# INFORMATION:
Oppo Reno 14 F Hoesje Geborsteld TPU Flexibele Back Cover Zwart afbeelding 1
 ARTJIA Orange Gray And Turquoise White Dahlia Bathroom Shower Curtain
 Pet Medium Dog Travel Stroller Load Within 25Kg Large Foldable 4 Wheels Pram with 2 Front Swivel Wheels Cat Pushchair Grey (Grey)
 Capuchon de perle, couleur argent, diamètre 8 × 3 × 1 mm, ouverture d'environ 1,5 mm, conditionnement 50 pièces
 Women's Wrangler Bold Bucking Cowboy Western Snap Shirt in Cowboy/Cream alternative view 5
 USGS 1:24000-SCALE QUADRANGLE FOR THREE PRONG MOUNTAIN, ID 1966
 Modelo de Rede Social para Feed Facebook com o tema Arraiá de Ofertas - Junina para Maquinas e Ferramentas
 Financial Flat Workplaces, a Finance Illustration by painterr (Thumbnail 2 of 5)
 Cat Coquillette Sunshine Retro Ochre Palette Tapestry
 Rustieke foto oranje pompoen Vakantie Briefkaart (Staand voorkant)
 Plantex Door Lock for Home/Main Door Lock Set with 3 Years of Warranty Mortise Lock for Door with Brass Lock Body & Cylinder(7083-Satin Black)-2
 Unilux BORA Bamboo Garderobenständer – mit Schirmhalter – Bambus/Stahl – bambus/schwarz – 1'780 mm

# PROBLEM DETAILS:
Which lines above hold the string "with"? Please copy all of them.

# EXERCISE RESPONSE:
 Pet Medium Dog Travel Stroller Load Within 25Kg Large Foldable 4 Wheels Pram with 2 Front Swivel Wheels Cat Pushchair Grey (Grey)
 Plantex Door Lock for Home/Main Door Lock Set with 3 Years of Warranty Mortise Lock for Door with Brass Lock Body & Cylinder(7083-Satin Black)-2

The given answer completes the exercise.